* [What you will do]: Pictures aside, please retype the whole listing word for word.

--- Entries shown Enclosed Below ---

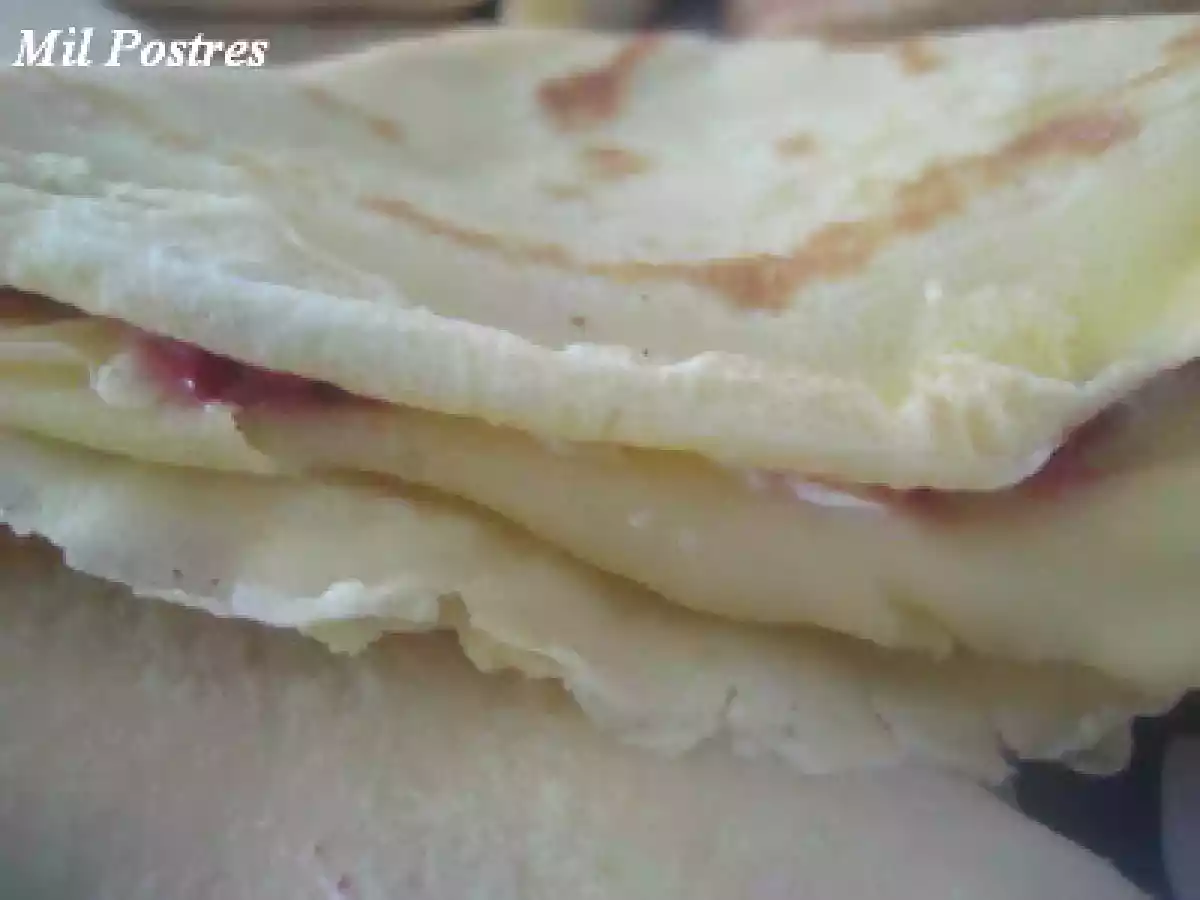 Crepes con queso fresco y mermelada de cerezas - foto 5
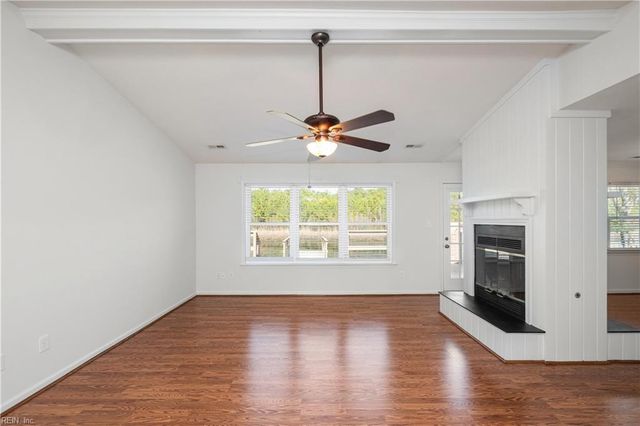 832 Daimler DR, Virginia Beach, VA 23454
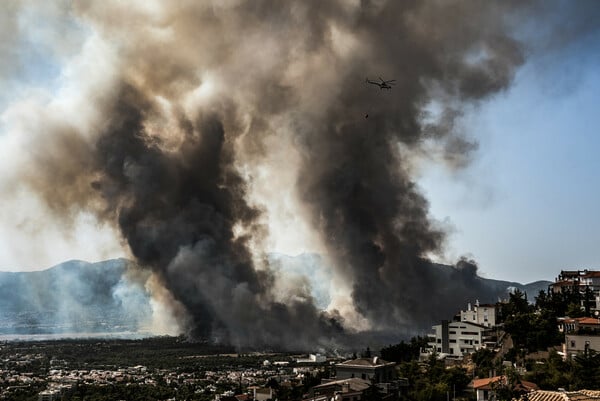 Χάος στη Βαρυμπόμπη: Ζευγάρι ηλικιωμένων εγκλωβίστηκε- Η φωτιά περικύκλωσε πυροσβέστες & αστυνομικούς σε πάρκινγκ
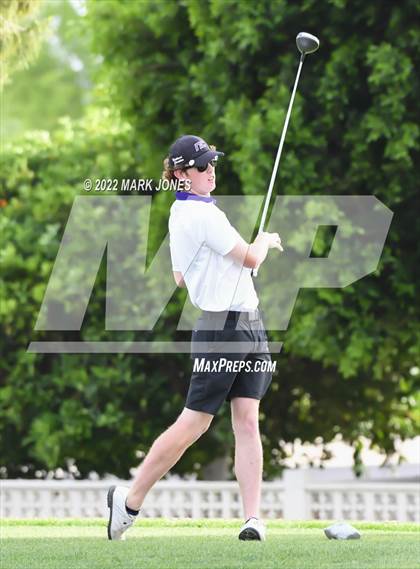Thumbnail 3 in Northwest Christian Golf Meet photogallery.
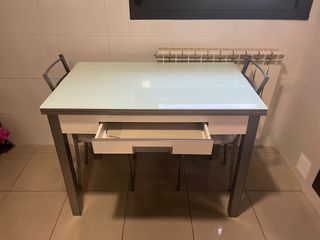 Mesa cocina extensible con cajón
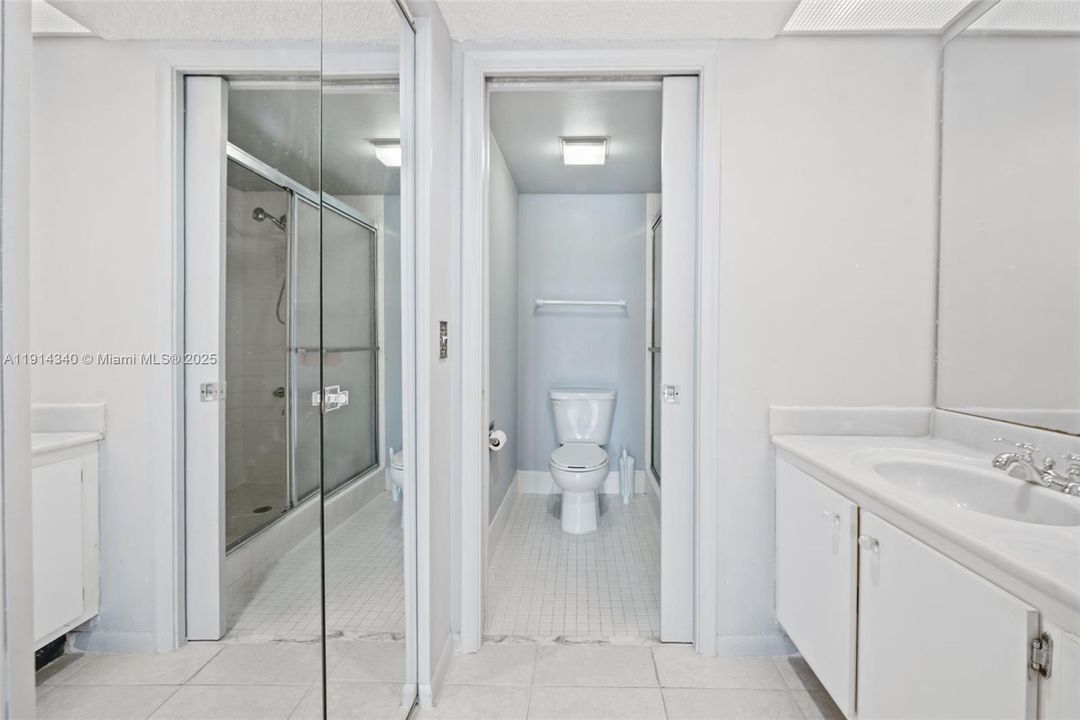 For Rent: $2,300 (2 beds, 2 baths, 1192 Square Feet)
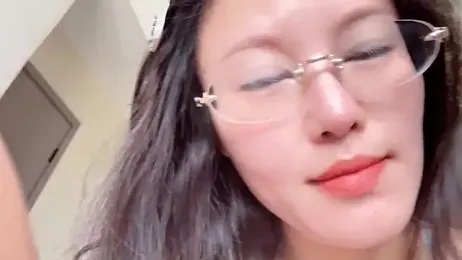 Krismil3 — Stripchat recorded stream image, 28.04.2026 01:00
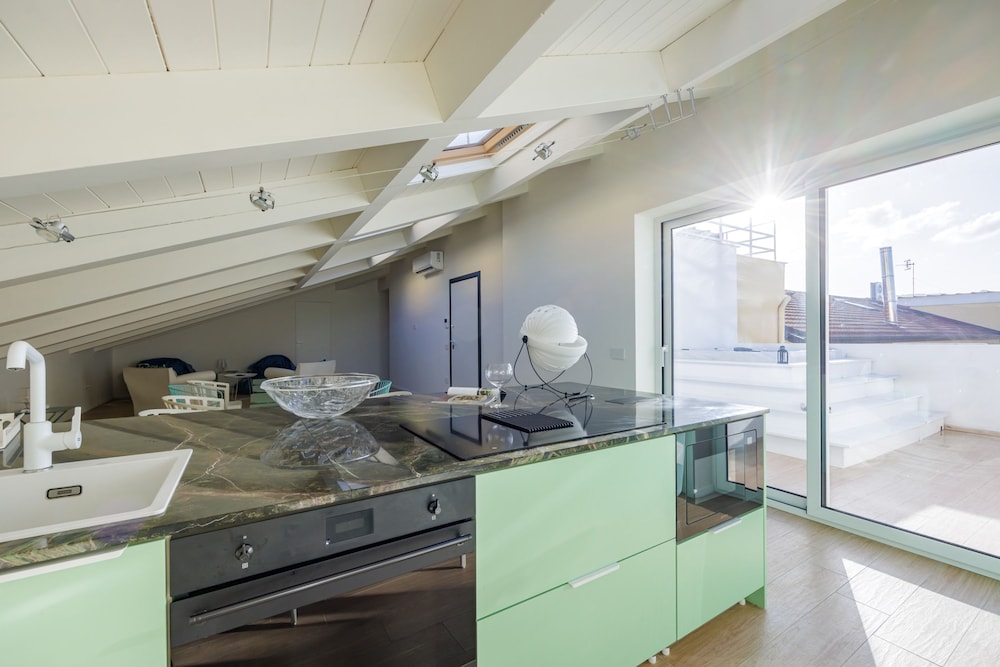 Napoli White Apartment by Wonderful Italy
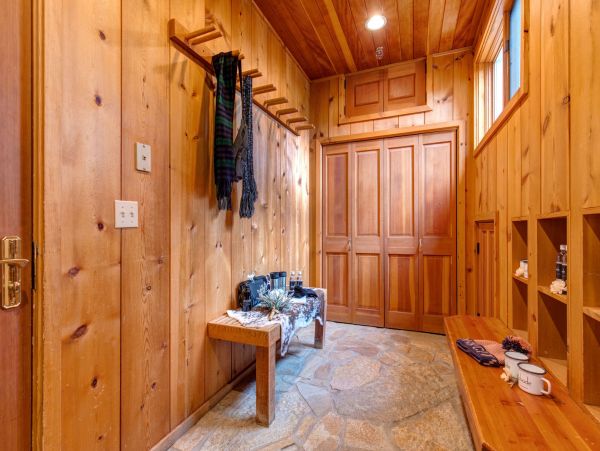 Perfect Vacation Rental with 5 Bedrooms & Great Amenities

--- End of Enclosed Entries shown ---

* [Answer section]:
 Crepes con queso fresco y mermelada de cerezas - foto 5
 832 Daimler DR, Virginia Beach, VA 23454
 Χάος στη Βαρυμπόμπη: Ζευγάρι ηλικιωμένων εγκλωβίστηκε- Η φωτιά περικύκλωσε πυροσβέστες & αστυνομικούς σε πάρκινγκ
Thumbnail 3 in Northwest Christian Golf Meet photogallery.
 Mesa cocina extensible con cajón
 For Rent: $2,300 (2 beds, 2 baths, 1192 Square Feet)
 Krismil3 — Stripchat recorded stream image, 28.04.2026 01:00
 Napoli White Apartment by Wonderful Italy
 Perfect Vacation Rental with 5 Bedrooms & Great Amenities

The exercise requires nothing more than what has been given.